● **PROMPT**
Your copy of the listing should match it exactly, only without pictures.

● **ENTRIES SHOWN**
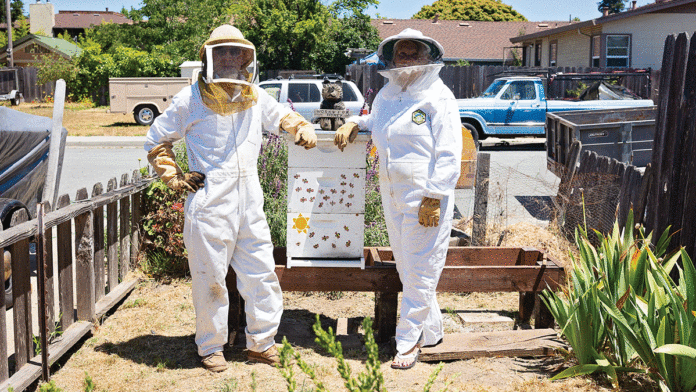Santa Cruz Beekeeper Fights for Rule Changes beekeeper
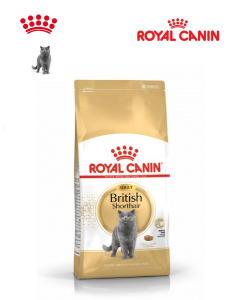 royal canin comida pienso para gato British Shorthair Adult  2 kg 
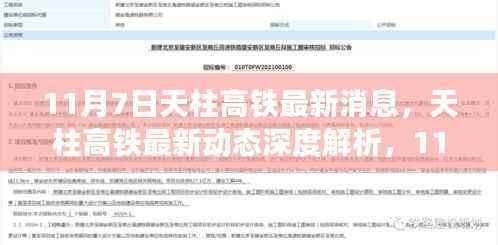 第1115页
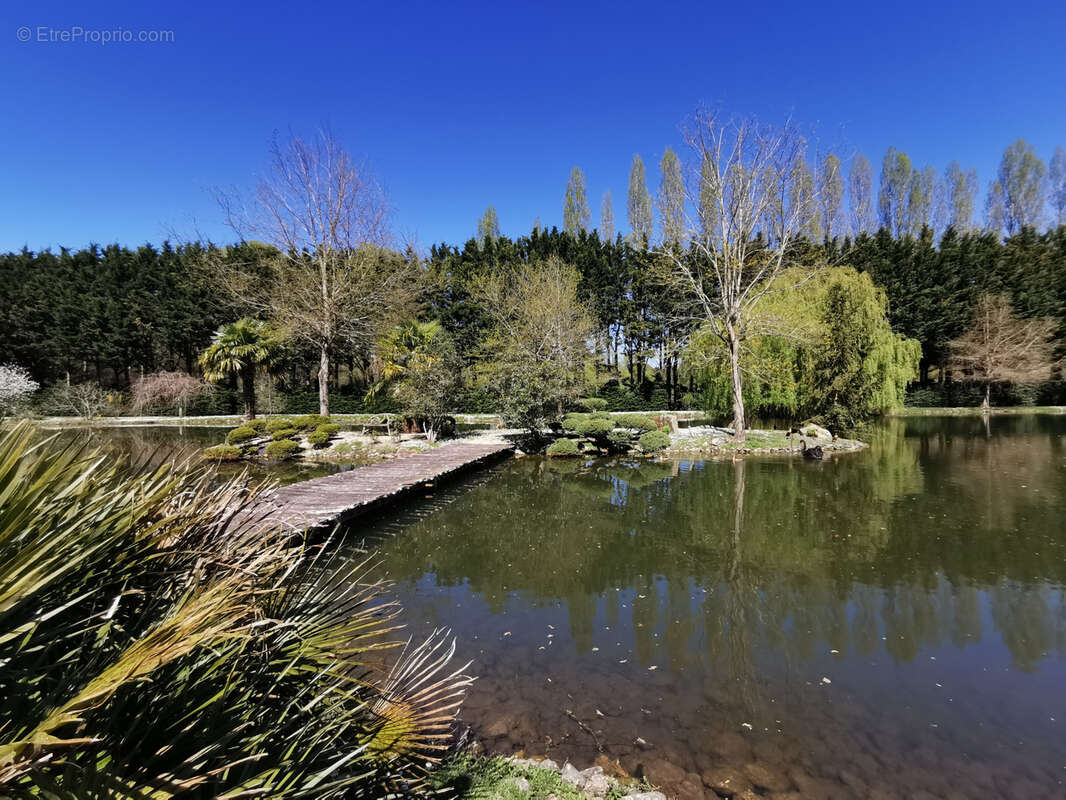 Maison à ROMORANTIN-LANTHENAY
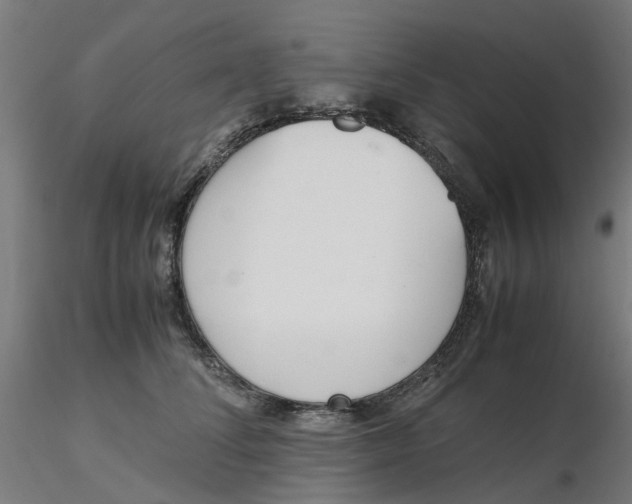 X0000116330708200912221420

● **TASK RESPONSE**
Santa Cruz Beekeeper Fights for Rule Changes beekeeper
 royal canin comida pienso para gato British Shorthair Adult  2 kg 
 第1115页
 Maison à ROMORANTIN-LANTHENAY
 X0000116330708200912221420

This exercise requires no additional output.